High commercial rents stripping Queen Street West of its 'heart,' merchants warn

Terry Ham bustles around his Queen Street West salon, Good Hearts Salon & Spa, with a wide grin as the music blares, even though just months ago he was locked out of his other storefront a block away.

The 58-year-old small business owner had three locations, but his spot at 534 Queen St. W. was his biggest, and best situated — smack dab in the middle of Bathurst Street and Spadina Avenue.

When it opened in 2010, rent was around $8,000 a month, but by the time he was evicted in October 2016 for failing to pay rent, he says it had jumped to about $14,000 a month.

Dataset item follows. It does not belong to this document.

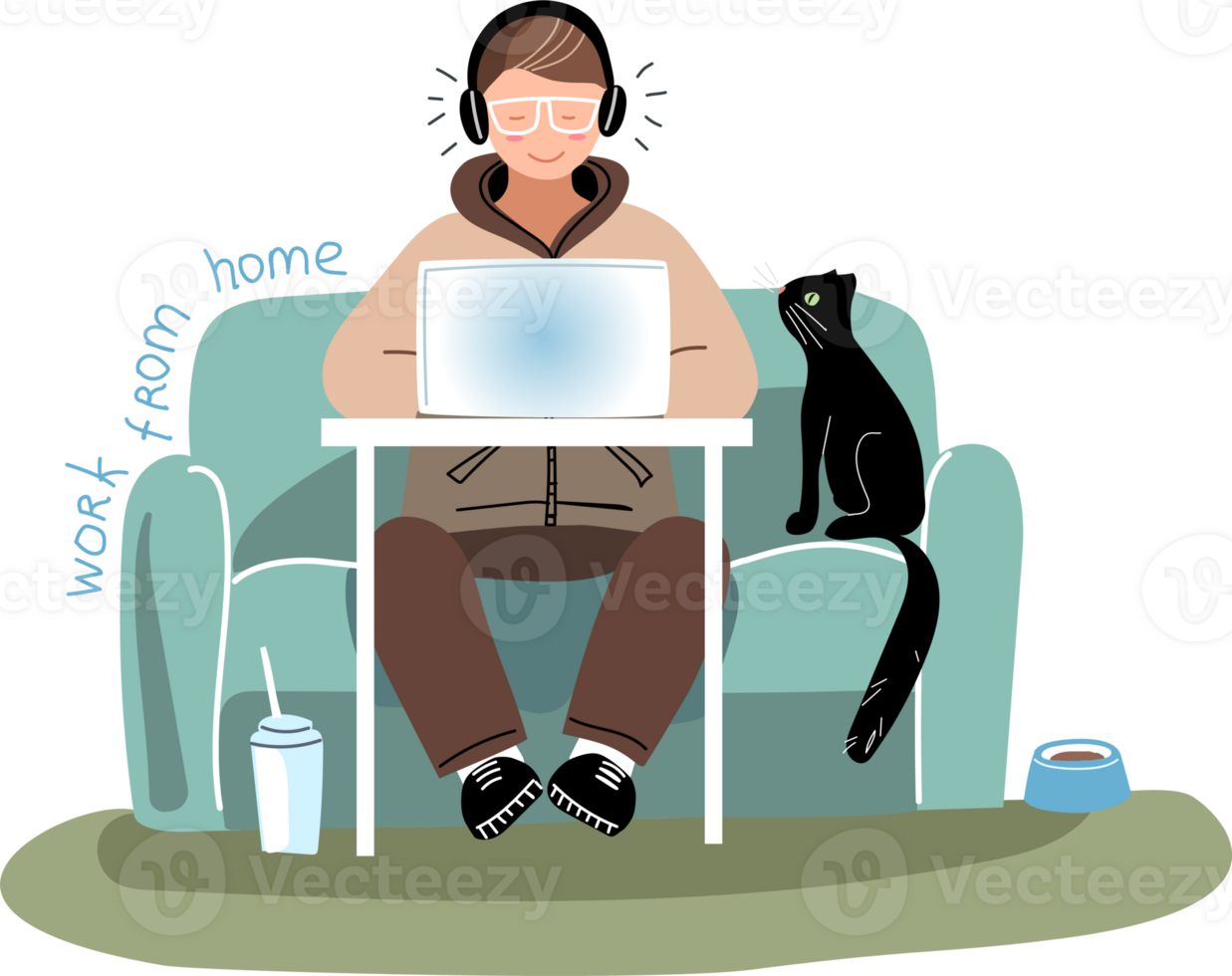 Man work on his laptop at home with black cat png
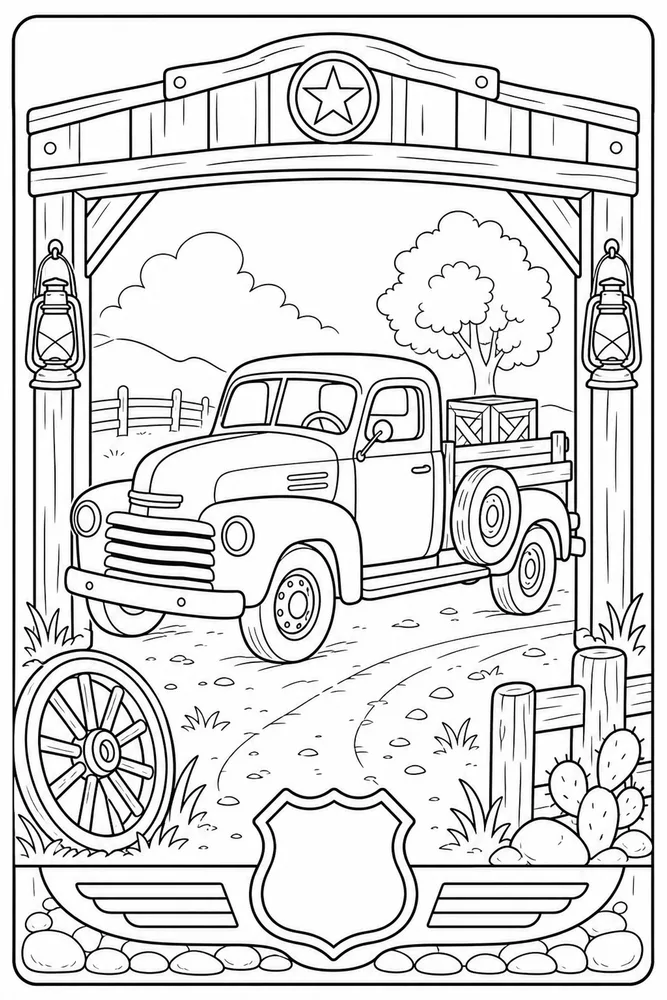Old Truck Old Truck Open Road coloring page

"It's a big punch in the gut, or maybe lower," he said. "It just continued to creep and eventually you start looking at what money you're making verse what money you're paying."

He said the 2016 summer construction season on Queen Street West didn't help, but in the end he says it was the rent and property tax increases that left him no choice but to abandon his operation at 534 Queen St. W. and focus on his remaining salons at 697 Queen St. W. and 789 King St. W.

Ham doesn't know what will replace his salon, but he points to a number of chain restaurants and clothing stores filling in the vacancies along Queen Street West.

"It takes away the heart, the culture of the city," he said. "It gets rid of the small entrepreneur, who was like the blood of Queen Street."

Last month the Queen Street West BIA took an inventory cataloguing 40 vacant storefronts in its catchment along Queen Street West from University Avenue to Bathurst Street:

- Four storefronts with construction boarding.

- Eight small and medium storefronts for lease.

- Five big storefronts for lease.

- 16 empty storefronts with no lease sign.

- Two empty lots with fire damage.

- Five storefronts opening soon.

In the past three years, the BIA says more than 130 businesses have closed, and while many of those have re-opened with new businesses, the association says the vacancy rate is higher than ever.

The chair of the Queen Street West BIA, Shamez Amlani, worries the shuttered storefronts with newsprint plastered on the windows are giving the once iconic neighbourhood a sense of "dereliction."

"If the few landlords who have deep, deep pockets and own multiple properties don't have incentive to rent them out, the street suffers because then we lose cultural institutions in our city that give our street and our city the character that it has," said Amlani.

For example, a Taco Bell is under construction to replace The Hideout, a live music venue that used to be at 484 Queen St. W.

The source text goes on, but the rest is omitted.